On Mon, Nov 9, 2015 at 1:37 PM, Petr Bena <benapetr(a)gmail.com> wrote:
Do you really want to say that reading from disk is
faster than
processing the text using CPU? I don't know how complex syntax of mw
actually is, but C++ compilers are probably much faster than parsoid,
if that's true. And these are very slow.
What takes so much CPU time in turning wikitext into html? Sounds like
JS wasn't a best choice here.
More fundamentally, the parsing task involves recursive expansion of
templates and image information queries, and popular wikipedia articles can
involve hundreds of templates and image queries.
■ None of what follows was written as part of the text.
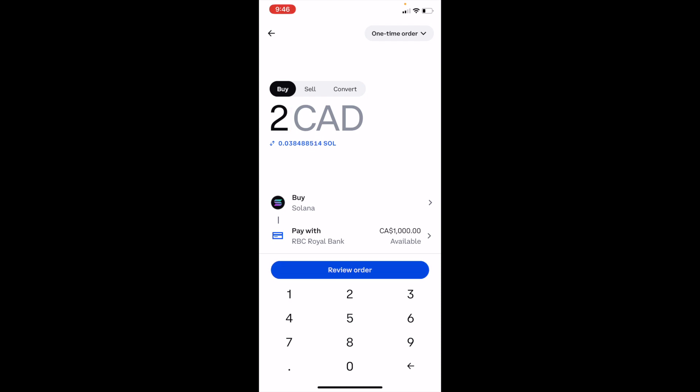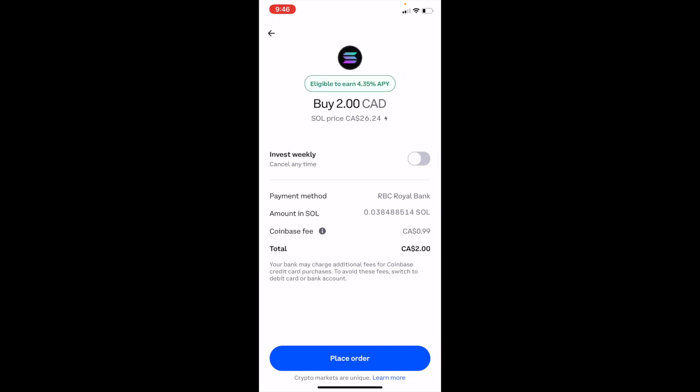Once that is done, go ahead and press on 'Review Order.' It's going to take a couple of seconds to process your order and take you to the next step — just bear with it. Once you're done, go to the bottom and press on 'Place Order.' That's the amount of Solana you'll be purchasing.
Caching the result of
parsing allows us to avoid repeating these nested queries, which are a
major contributor to parse time.
One of the benefits of the Parsoid DOM representation[*] is that it will
allow in-place update of templates and image information, so that updating
pages after a change can be by simple substitution and *without* repeating
the actual "parse wikitext" step.
--scott
[*] This actually requires some tweaks to the wikitext of some popular
templates;
https://phabricator.wikimedia.org/T114445 is a decent summary of
the work (although be sure to read to the end of the comments, there's
significant stuff there which I haven't editing into the top-level task
description yet).
--
(
http://cscott.net)